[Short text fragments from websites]
-- Opening Marker --

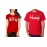 Hubby Wifey Couple Graphic Printed T-shirt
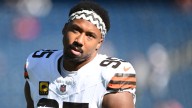 Browns' Joel Bitonio understands root of Myles Garrett's frustration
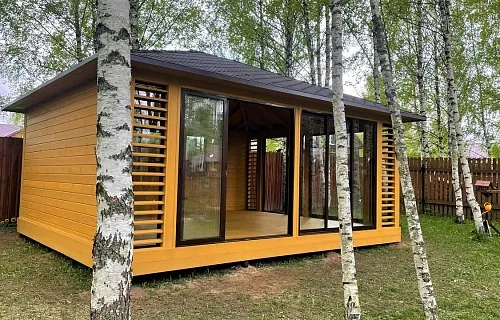 Застекленная беседка АНГЛИЙСКАЯ — Фото 8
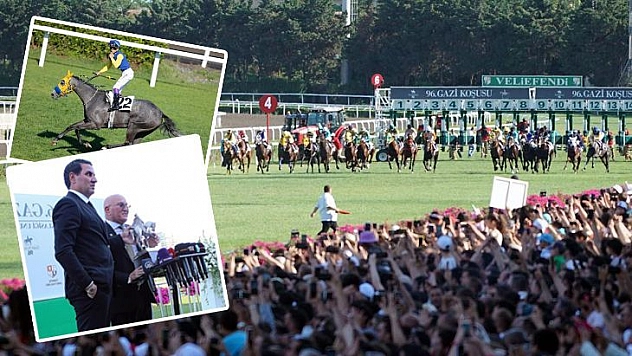 96. Gazi Koşusu'na 'Karamazı' damgası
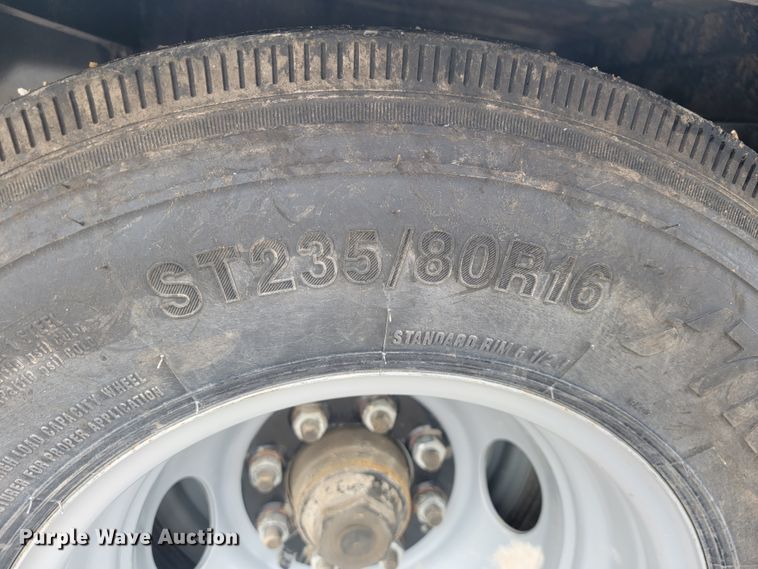 image for item JL9648 2021 Elite  equipment trailer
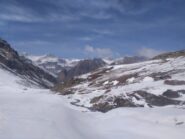 Verso il Vallone del Rui sovrastato dalla Testa di Malacosta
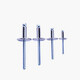 
Sanqihu custom 304 stainless steel hat brim van type car open core pull rivet Liuding Willow nail big brim round head pull nail half steel 4*20*12250 pieces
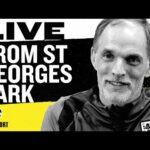 Talk Tuchel Live: Thomas Tuchel Exkluzívny rozhovor ako šéf Anglicka pri prvej porážke a pred svetovom pohári svetového pohára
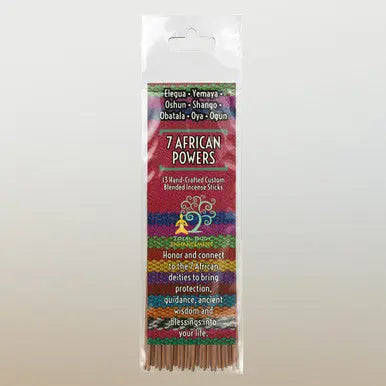 Seven African Powers Incense Sticks TBE Herbs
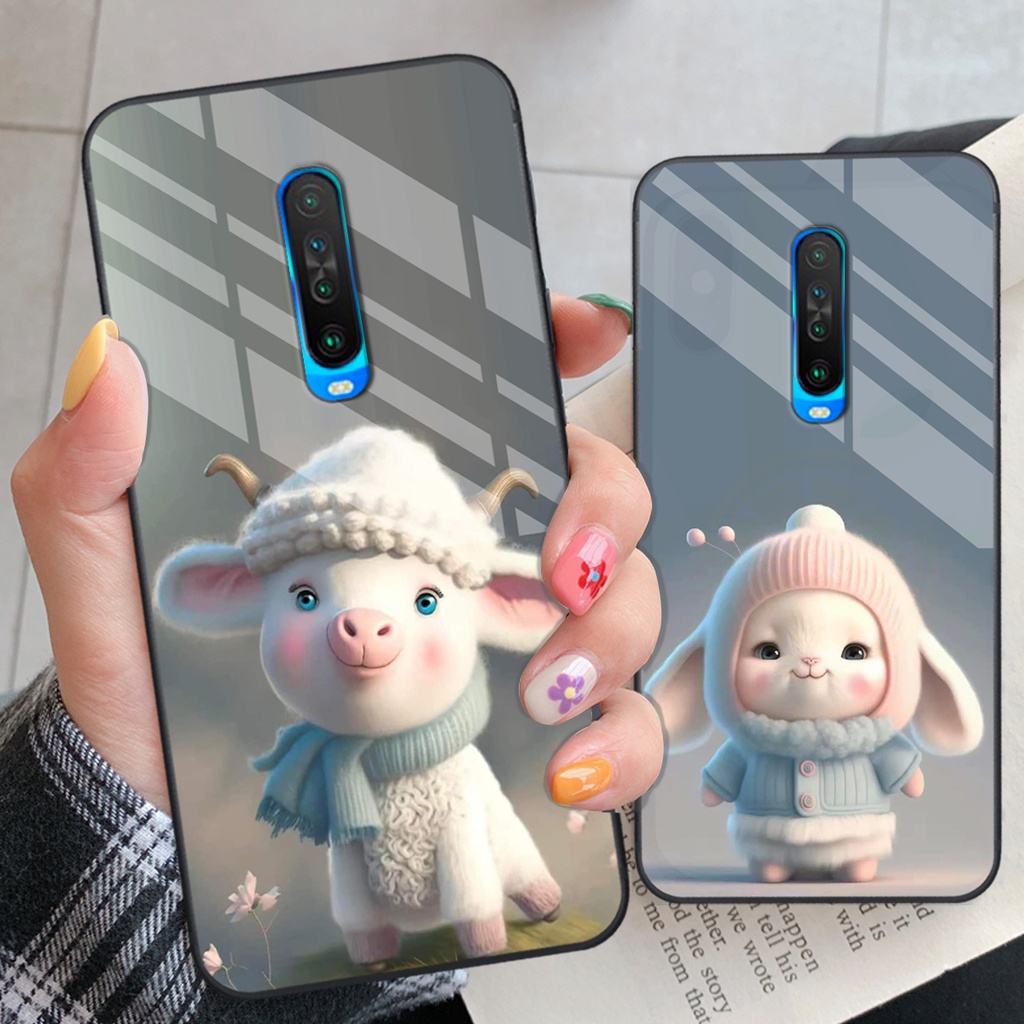 Ốp lưng  Xiaomi Redmi K30 / Redmi K30 5G in hình 12 con giáp Hot trend siêu dễ thương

-- Closing Marker --

## Brief
Write the entries above out again exactly, but not the pictures.

## Task output
 Hubby Wifey Couple Graphic Printed T-shirt
 Browns' Joel Bitonio understands root of Myles Garrett's frustration
 Застекленная беседка АНГЛИЙСКАЯ — Фото 8
 96. Gazi Koşusu'na 'Karamazı' damgası
 image for item JL9648 2021 Elite  equipment trailer
 Verso il Vallone del Rui sovrastato dalla Testa di Malacosta
Sanqihu custom 304 stainless steel hat brim van type car open core pull rivet Liuding Willow nail big brim round head pull nail half steel 4*20*12250 pieces
 Talk Tuchel Live: Thomas Tuchel Exkluzívny rozhovor ako šéf Anglicka pri prvej porážke a pred svetovom pohári svetového pohára
 Seven African Powers Incense Sticks TBE Herbs
 Ốp lưng  Xiaomi Redmi K30 / Redmi K30 5G in hình 12 con giáp Hot trend siêu dễ thương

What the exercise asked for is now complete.